Exposition « Le domino »

chez Françoise Acat, 1990

Comment exposer des dessins ? Comment faire d’une exposition un espace et un lieu vivants ? Comment préparer un jeu de lecture et de mise en relation des dessins entre eux ?

Un domino, c’est un tout, un diptyque, dont l’unité est soulignée par un cadre manufacturé. La rencontre des deux dessins crée une dimension nouvelle, due à la réflexion qu’entretiennent les deux moitiés.

  • Un tapis de jeu, en feutrine verte (dans l’hypothèse où une exposition soit un jeu de société qui, pour le dessin, se joue au mur)
  • Un jeu de 36 dominos sur le thème « Le dessineur luttant contre le dragon »
  • Une boîte en carton, recouverte de papier, où tous les dominos se rangent après l’exposition

Mais un domino, c’est en même temps deux moitiés qui se gênent, se repoussent et cherchent chacune à se rapprocher des autres ou peut-être de sa famille.

Au départ, c’est une question d’espace. Comment ménager n dimensions à un dessin et dépasser les deux dimensions du plan ? Comment laisser se figurer n dimensions sur un plan à deux dimensions ? La technique de la perspective et du point de fuite permet bien de représenter une 3e dimension, mais ce n’est qu’une dimension de plus, et ce n’est qu’un espace extérieur, un réceptacle imposé. Comment y circuler librement sans le décrire effectivement ?

C’est plutôt du côté des vieilles méthodes d’échelonnement latéral qu’il faut chercher la façon de nous arranger.

L’espace établit ses dimensions par les relations qui se nouent entre les dominos à travers la pièce. La disposition des dessins représentant la même chose construit des sous-espaces au sein de l’ensemble.

Si on ne peut pas manipuler les dessins physiquement, on peut se déplacer, circuler de l’un à l’autre. Marcher génère un espace entre les lieux. Des correspondances s’établissent. C’est le principe de l’exposition : ouvrir, à travers le lieu d’exposition, un espace de circulation qui se décrive petit à petit, en allant d’un dessin à l’autre, en tous sens. À chaque marche, c’est une lecture nouvelle. Et on peut changer de règle en cours de lecture.

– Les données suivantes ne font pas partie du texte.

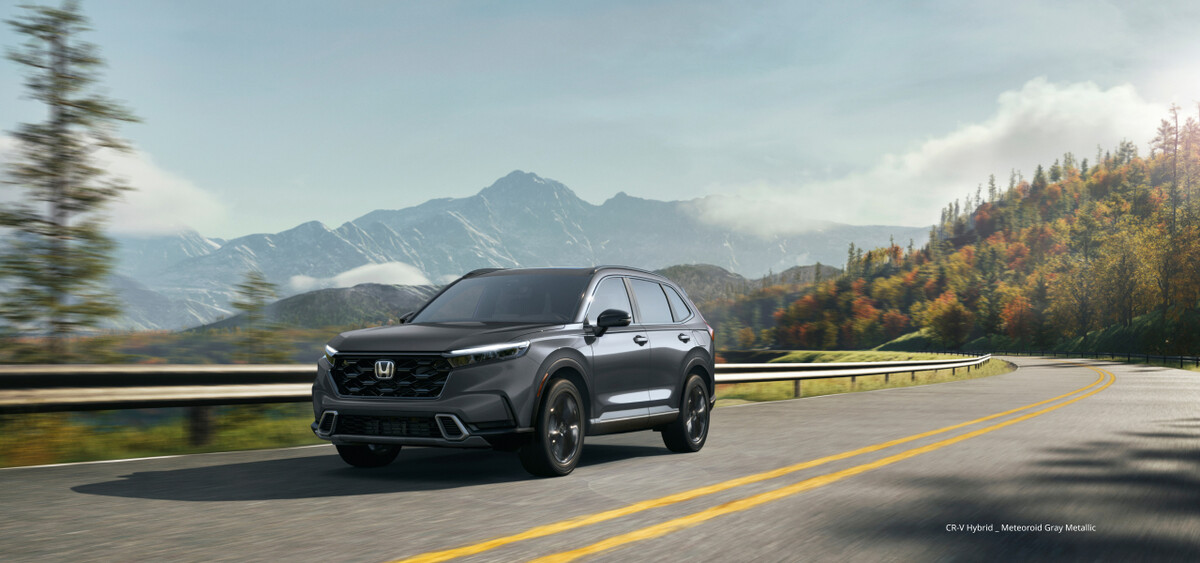 [신차출시] 2026 혼다 CRV 하이브리드 썸네일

Même en pointillé, il se circonscrit un lieu de lecture et de déambulation. La déambulation mentale incite à la déambulation physique et réciproquement. Elles font vivre un espace. Le mouvement physique ou mental d’un dessin à l’autre crée l’espace de l’œuvre. Au moins, il y aura eu cela, de l’espace généré et parcouru.


À l’issue de l’exposition, les dessins ont été publiés aux éditions Corduriès sous forme d’un jeu de cartes intitulé Diptyc’Domino. Par la suite, les notes ayant accompagné l’exposition ont été publiées aux éditions contrat maint en 2006, sous forme de deux petits « livres » intitulés L’Espace Domino et Méthodes pour échapper à l’analogie.